ASSIGNMENT
Reproduce, exactly and in full, only the lines below from the one containing "Thumbnail: 2023 Mercedes-Benz GLC - 2" through the one containing "Här är ett enkelt".

RECORDS FOR THIS EXERCISE
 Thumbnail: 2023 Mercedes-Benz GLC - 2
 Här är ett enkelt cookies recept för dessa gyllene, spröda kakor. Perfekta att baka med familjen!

* * *

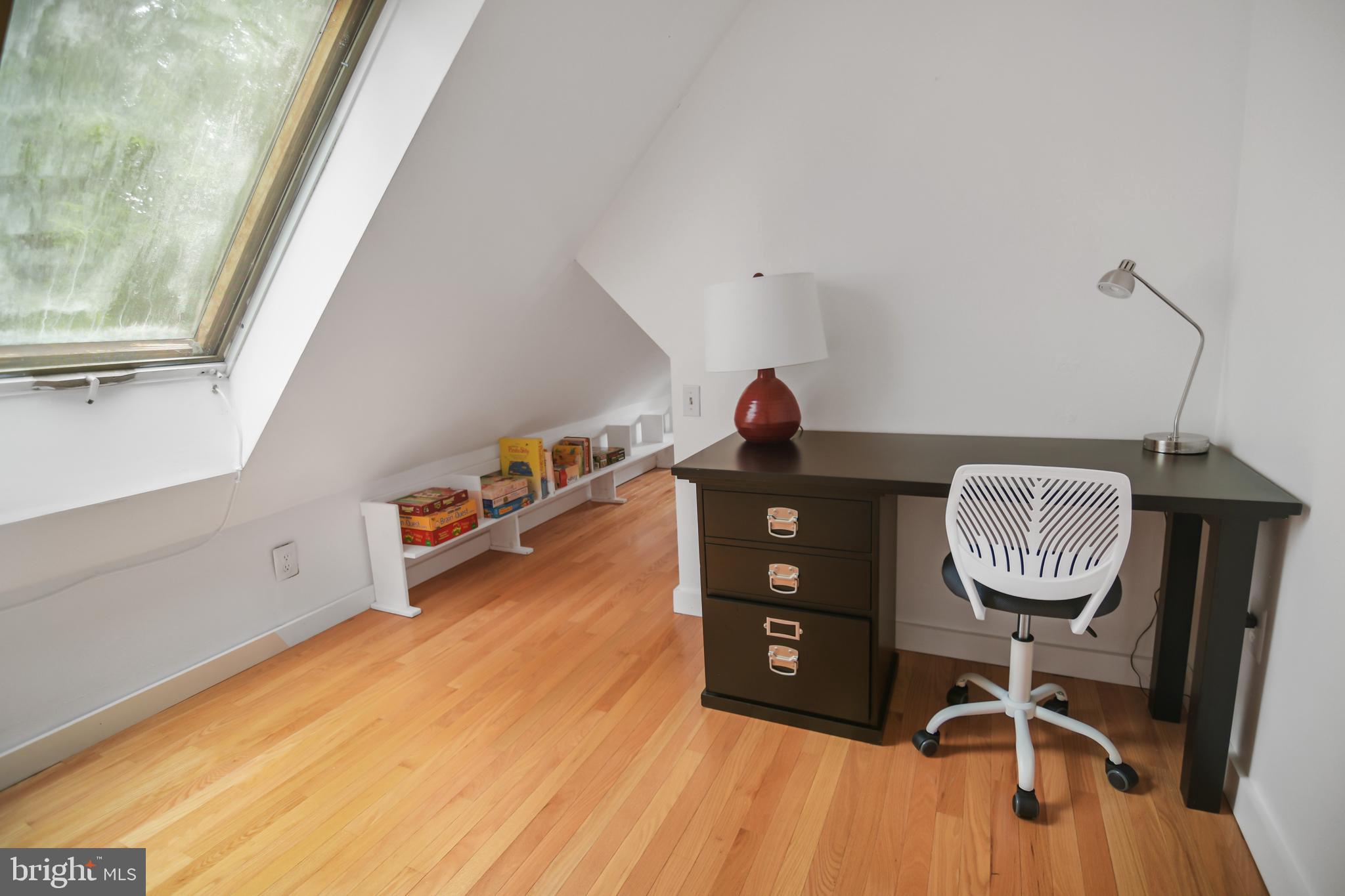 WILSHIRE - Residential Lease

--

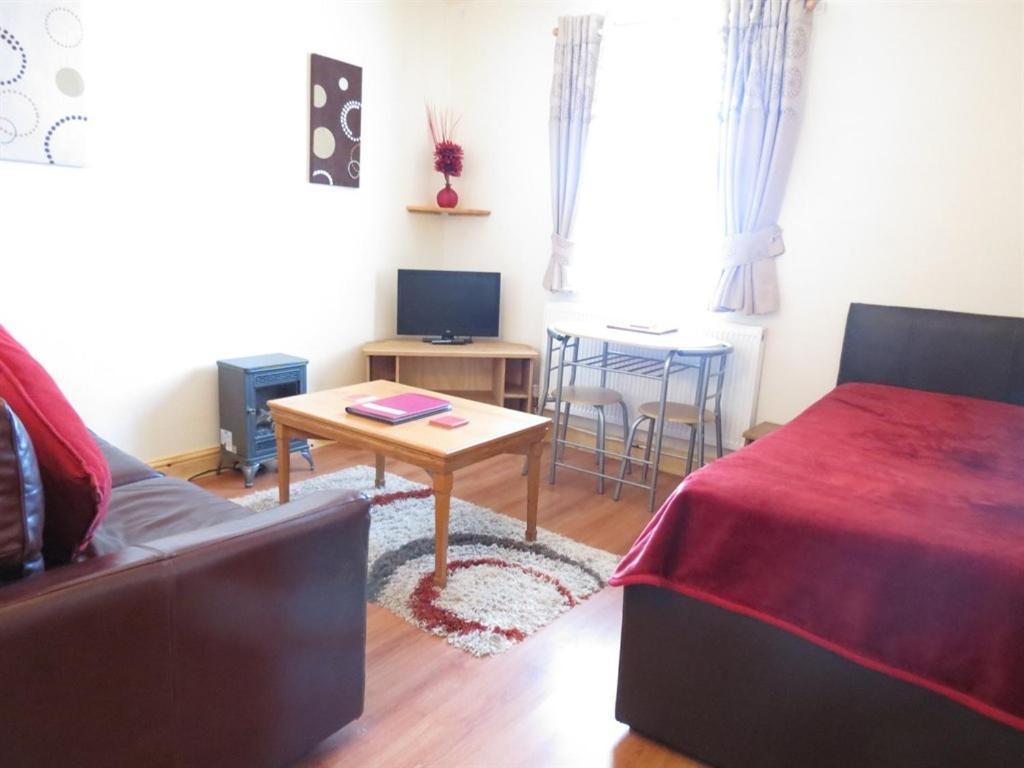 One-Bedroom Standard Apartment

EXERCISE RESULT
 Thumbnail: 2023 Mercedes-Benz GLC - 2
 Här är ett enkelt cookies recept för dessa gyllene, spröda kakor. Perfekta att baka med familjen!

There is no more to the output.